Est-ce à dire que les États-Unis sont capables d’annexer le Canada et d’envahir le Groenland ? Certains pensent ce scénario possible. Pour notre part, nous pensons davantage qu’il s’agit de coups de bluff de la part de celui qui se fait passer comme le grand maître de « l’art du deal ». Cependant, Vladimir Poutine avait raison lorsqu’il déclarait dans ses entretiens avec Oliver Stone que « les États-Unis n’ont pas d’alliés, ils n’ont que des vassaux ». Entre le pillage, via l’espionnage à grande échelle mis au service de leurs propres fins économiques (souvenons-nous du dépeçage d’Alstom), l’extraterritorialité du droit américain et l’abandon en rase campagne des pays qu’ils avaient pourtant entraîné dans des guerres civiles ou extérieures (Irak, Libye, Afghanistan, Ukraine), il faut être un atlantiste croyant et pratiquant pour faire confiance à l’Oncle Sam.

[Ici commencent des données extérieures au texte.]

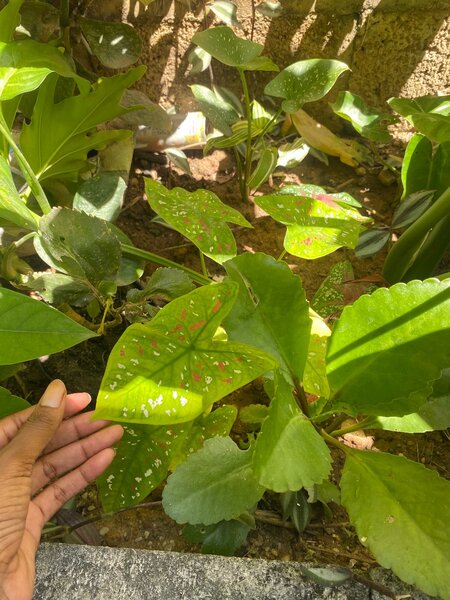 Florida clown (Caladium Bicolor Polka Dot)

Malgré les déclarations de guerre potentielles au Danemark et au Canada, c’est d’abord l’Union européenne qui tremble. Face au souhait de faire payer leur écot aux membres de l’OTAN, la menace d’un désengagement militaire isolationniste et, surtout, une politique protectionniste agressive, il faut bien avouer qu’il y a de quoi avoir peur. Les pays comme l’Allemagne qui comptaient sur les États-Unis pour leur défense sont Gros-Jean Comme devant, avec en prime la remise en cause de leur mercantilisme du fait de la hausse des tarifs douaniers. Le géant économique allemand est en train de rapetisser à la vitesse grand V.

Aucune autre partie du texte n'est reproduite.